First off, are your two independent variables being adjusted as factors or numerically coded responses and is there an interaction term for the two? The reason I ask is because the test of proportional odds grows very sensitive with small cell counts. For this reason, I often find it justifiable to adjust input variables as their ordinally coded values (1: poor, 2: fair-to-poor, etc.). Doing so allows information to be borrowed across groups, proportionality is assessed so that an associated difference in the odds of a more favorable response comparing units differing by 1 in the predictor are consistent with odds of an even more favorable response (the rough and contrived interpretation of the test of proportional odds).
If your numeric coding still fails to give valid proportionality, it is possible to get consistent cumulative odds ratios estimates by collapsing adjacent categories like the two bottom box responses.
Thirdly, another powered test of association between an ordinal response and two ordinal factors is a plain old linear regression model. Using robust standard errors, you get valid confidence intervals despite the distribution of the errors. This tends to be less powerful that categorical methods, but with fewer pitfalls due to zero cell counts.
Lastly, as a comment, robust standard errors allow consistent estimation of the mean model in most circumstances. I'm not sure if these are implemented in SPSS, but R and SAS use these frequently. As with the proportional hazards assumption in the Cox model, when this "model based assumption check" fails, it does not mean the model results are entirely invalid, it's just that the effect estimates are "averaged" over their inconsistent proportionality. For instance, if proportional odds model has excessive numbers of respondents giving top box responses, and a predictor shows a large association for the top box response but smaller association for other cumulative measures, then you'll find that the cumulative odds ratio is a weighted combination of the several thresholded odds ratios, with a higher weight placed upon the top box OR.
Best Answer
It's true, in general, that "calibration" tests will behave differently under a different set of regression adjustments. A lot of statisticians will begin and end fishing expeditions by choosing the magic set of adjustments that leads to a clean pass for model based assumptions. But adjustments also change the scientific question, and shouldn't be chosen on the basis of meeting "calibration" requirements. The proportional odds test is just such a goodness of fit test. Here, I mean calibration as some quasi-counterpart to goodness of fit where significance means rejection of model based assumptions. Of course, in large sample sizes almost all calibration tests fail not because the model is invalid but because the test is overpowered and a 0.05 significance level is arbitrary and unuseful.

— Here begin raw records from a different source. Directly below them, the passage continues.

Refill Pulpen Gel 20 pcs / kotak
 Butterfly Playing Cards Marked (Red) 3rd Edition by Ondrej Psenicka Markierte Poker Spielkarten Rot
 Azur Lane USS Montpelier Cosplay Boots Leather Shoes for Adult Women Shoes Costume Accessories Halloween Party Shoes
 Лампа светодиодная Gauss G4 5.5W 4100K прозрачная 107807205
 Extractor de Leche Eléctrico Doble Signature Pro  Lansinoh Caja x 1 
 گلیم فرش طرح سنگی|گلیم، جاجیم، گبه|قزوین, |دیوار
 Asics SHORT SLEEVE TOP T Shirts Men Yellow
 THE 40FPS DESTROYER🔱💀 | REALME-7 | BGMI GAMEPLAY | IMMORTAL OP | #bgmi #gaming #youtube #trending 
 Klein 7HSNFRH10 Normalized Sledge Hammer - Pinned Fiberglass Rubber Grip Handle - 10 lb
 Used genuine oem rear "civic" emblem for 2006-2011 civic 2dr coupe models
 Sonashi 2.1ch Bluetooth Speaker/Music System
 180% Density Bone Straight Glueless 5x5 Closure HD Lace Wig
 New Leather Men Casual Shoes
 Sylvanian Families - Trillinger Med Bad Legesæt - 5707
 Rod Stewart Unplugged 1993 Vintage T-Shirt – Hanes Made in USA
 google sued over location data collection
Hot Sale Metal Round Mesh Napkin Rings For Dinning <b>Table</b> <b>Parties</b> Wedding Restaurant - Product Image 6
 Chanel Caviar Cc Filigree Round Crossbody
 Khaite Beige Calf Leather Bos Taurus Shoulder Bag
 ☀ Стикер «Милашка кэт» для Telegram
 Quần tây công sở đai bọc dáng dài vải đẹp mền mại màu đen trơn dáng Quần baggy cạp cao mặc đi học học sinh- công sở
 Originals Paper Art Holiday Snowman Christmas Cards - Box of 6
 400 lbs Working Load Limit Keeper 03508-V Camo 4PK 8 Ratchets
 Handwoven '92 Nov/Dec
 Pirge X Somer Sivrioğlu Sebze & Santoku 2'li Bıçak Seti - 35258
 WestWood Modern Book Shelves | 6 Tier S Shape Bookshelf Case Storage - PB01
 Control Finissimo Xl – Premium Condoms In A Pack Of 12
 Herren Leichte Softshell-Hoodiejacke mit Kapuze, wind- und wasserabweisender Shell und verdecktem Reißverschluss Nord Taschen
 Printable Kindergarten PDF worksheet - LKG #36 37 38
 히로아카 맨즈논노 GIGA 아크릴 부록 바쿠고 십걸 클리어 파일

With a larger number of adjustments in the model, the proportional odds model tends toward a saturated model where each stratum specific probability is close or identical to the fitted values. This is a problem when the data structure is sparse.
One way around the issue of non-proportional odds is to just fit the log-linear model. This is the most general form of analysis of categorical data. With this you can summarize any number of summaries: the multinomial model, or odds ratios predicting a response for a cumulatively higher response for each reference category.